From 46ed56cfd1544296feb73b707022149cf03f8c5e Mon Sep 17 00:00:00 2001
From: Sylvain Gugger <35901082+sgugger@users.noreply.github.com>
Date: Thu, 14 Jan 2021 03:37:07 -0500
Subject: [PATCH] Switch metrics in run_ner to datasets (#9567)

* Switch metrics in run_ner to datasets

* Add flag to return all metrics

* Upstream (and rename) sortish_sampler

* Revert "Upstream (and rename) sortish_sampler"

This reverts commit e07d0dcf650c2bae36da011dd76c77a8bb4feb0d.
---
 examples/test_examples.py                |  2 +-
 examples/token-classification/run_ner.py | 33 ++++++++++++++++++------
 2 files changed, 26 insertions(+), 9 deletions(-)
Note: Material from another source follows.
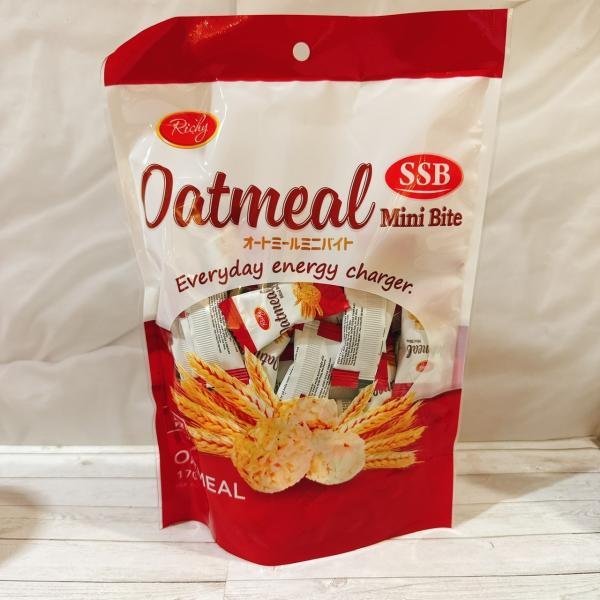 オートミールを一口サイズのお菓子にしました。ミルキーな味わいとサクサクの食感で、手が止まらなくなる美味しさです。個包装なのでいつでもどこでもお召し上がりいただけるオートミールです。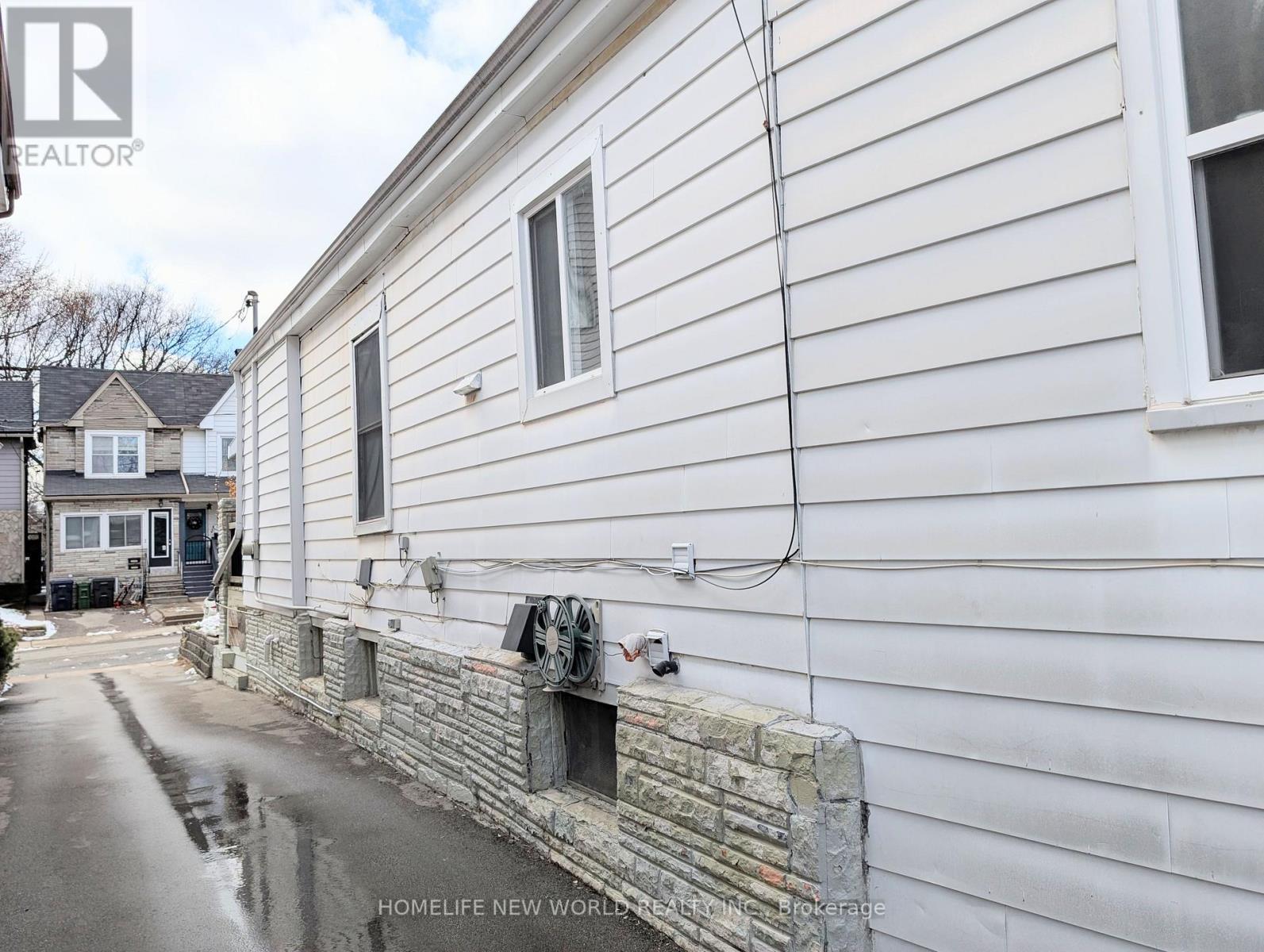 67 Condor Avenue, Toronto, Ontario  M4J 3M7 - Photo 3 - E12885394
diff --git a/examples/test_examples.py b/examples/test_examples.py
index eb0809d0bc1..28afb3028d0 100644
--- a/examples/test_examples.py
+++ b/examples/test_examples.py
@@ -184,7 +184,7 @@ class ExamplesTests(TestCasePlus):
 
         with patch.object(sys, "argv", testargs):
             result = run_ner.main()
-            self.assertGreaterEqual(result["eval_accuracy_score"], 0.75)
+            self.assertGreaterEqual(result["eval_accuracy"], 0.75)
             self.assertGreaterEqual(result["eval_precision"], 0.75)
             self.assertLess(result["eval_loss"], 0.5)
 
diff --git a/examples/token-classification/run_ner.py b/examples/token-classification/run_ner.py
index 2b61e100b1e..807d2ee7c4e 100644
--- a/examples/token-classification/run_ner.py
+++ b/examples/token-classification/run_ner.py
@@ -25,8 +25,7 @@ from dataclasses import dataclass, field
 from typing import Optional
 
 import numpy as np
-from datasets import ClassLabel, load_dataset
-from seqeval.metrics import accuracy_score, f1_score, precision_score, recall_score
+from datasets import ClassLabel, load_dataset, load_metric
 
 import transformers
 from transformers import (
@@ -124,6 +123,10 @@ class DataTrainingArguments:
             "one (in which case the other tokens will have a padding index)."
         },
     )
+    return_entity_level_metrics: bool = field(
+        default=False,
+        metadata={"help": "Whether to return all the entity levels during evaluation or just the overall ones."},
+    )
 
     def __post_init__(self):
         if self.dataset_name is None and self.train_file is None and self.validation_file is None:
@@ -323,6 +326,8 @@ def main():
     data_collator = DataCollatorForTokenClassification(tokenizer)
 
     # Metrics
+    metric = load_metric("seqeval")
+
     def compute_metrics(p):
         predictions, labels = p
         predictions = np.argmax(predictions, axis=2)
@@ -337,12 +342,24 @@ def main():
             for prediction, label in zip(predictions, labels)
         ]
 
-        return {
-            "accuracy_score": accuracy_score(true_labels, true_predictions),
-            "precision": precision_score(true_labels, true_predictions),
-            "recall": recall_score(true_labels, true_predictions),
-            "f1": f1_score(true_labels, true_predictions),
-        }
+        results = metric.compute(predictions=true_predictions, references=true_labels)
+        if data_args.return_entity_level_metrics:
+            # Unpack nested dictionaries
+            final_results = {}
+            for key, value in results.items():
+                if isinstance(value, dict):
+                    for n, v in value.items():
+                        final_results[f"{key}_{n}"] = v
+                else:
+                    final_results[key] = value
+            return final_results
+        else:
+            return {
+                "precision": results["overall_precision"],
+                "recall": results["overall_recall"],
+                "f1": results["overall_f1"],
+                "accuracy": results["overall_accuracy"],
+            }
 
     # Initialize our Trainer
     trainer = Trainer(